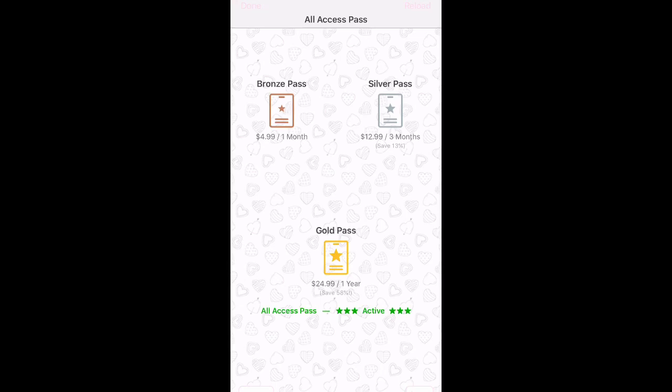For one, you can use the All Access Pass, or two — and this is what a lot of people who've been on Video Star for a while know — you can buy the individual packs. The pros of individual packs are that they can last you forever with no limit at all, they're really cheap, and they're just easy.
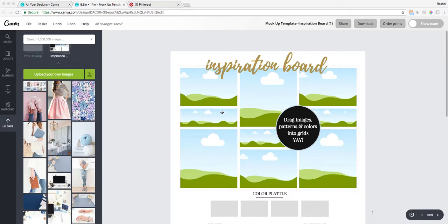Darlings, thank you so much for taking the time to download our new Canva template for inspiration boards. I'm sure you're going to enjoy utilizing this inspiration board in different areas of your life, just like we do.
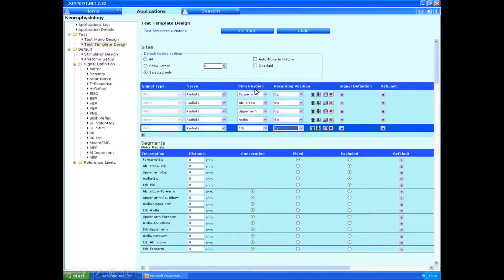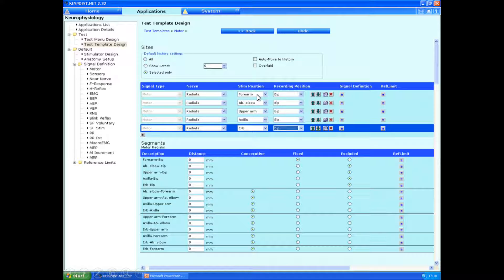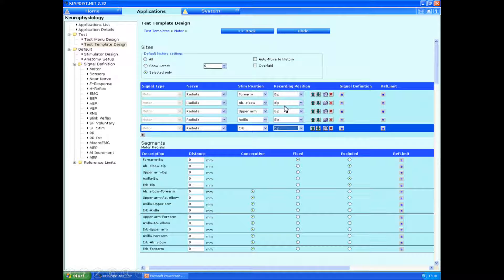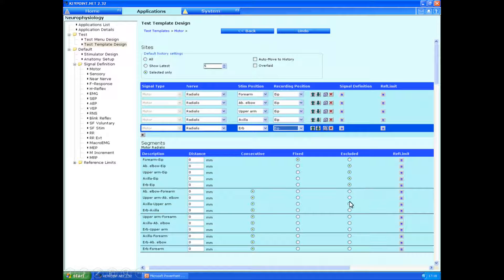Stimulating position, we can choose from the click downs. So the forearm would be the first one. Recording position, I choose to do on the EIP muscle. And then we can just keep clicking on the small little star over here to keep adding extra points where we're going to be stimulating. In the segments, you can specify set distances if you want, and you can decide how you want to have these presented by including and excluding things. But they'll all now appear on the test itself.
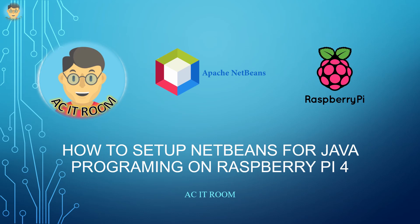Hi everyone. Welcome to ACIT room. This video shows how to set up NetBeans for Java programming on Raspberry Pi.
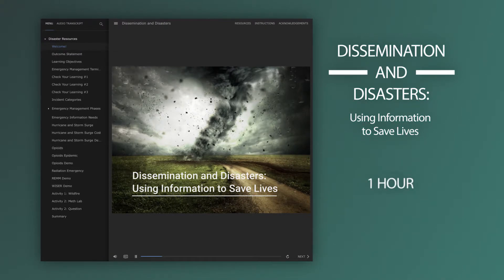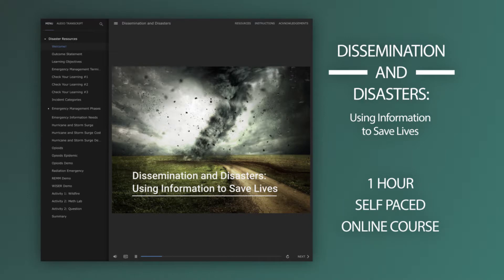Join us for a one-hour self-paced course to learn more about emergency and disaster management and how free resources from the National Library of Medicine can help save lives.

• **The problem**: All lines from the one containing "Stimulating position, we" through the end of the entries above must be given again exactly, with every picture omitted.

• **Response**:
Stimulating position, we can choose from the click downs. So the forearm would be the first one. Recording position, I choose to do on the EIP muscle. And then we can just keep clicking on the small little star over here to keep adding extra points where we're going to be stimulating. In the segments, you can specify set distances if you want, and you can decide how you want to have these presented by including and excluding things. But they'll all now appear on the test itself.
Hi everyone. Welcome to ACIT room. This video shows how to set up NetBeans for Java programming on Raspberry Pi.
Join us for a one-hour self-paced course to learn more about emergency and disaster management and how free resources from the National Library of Medicine can help save lives.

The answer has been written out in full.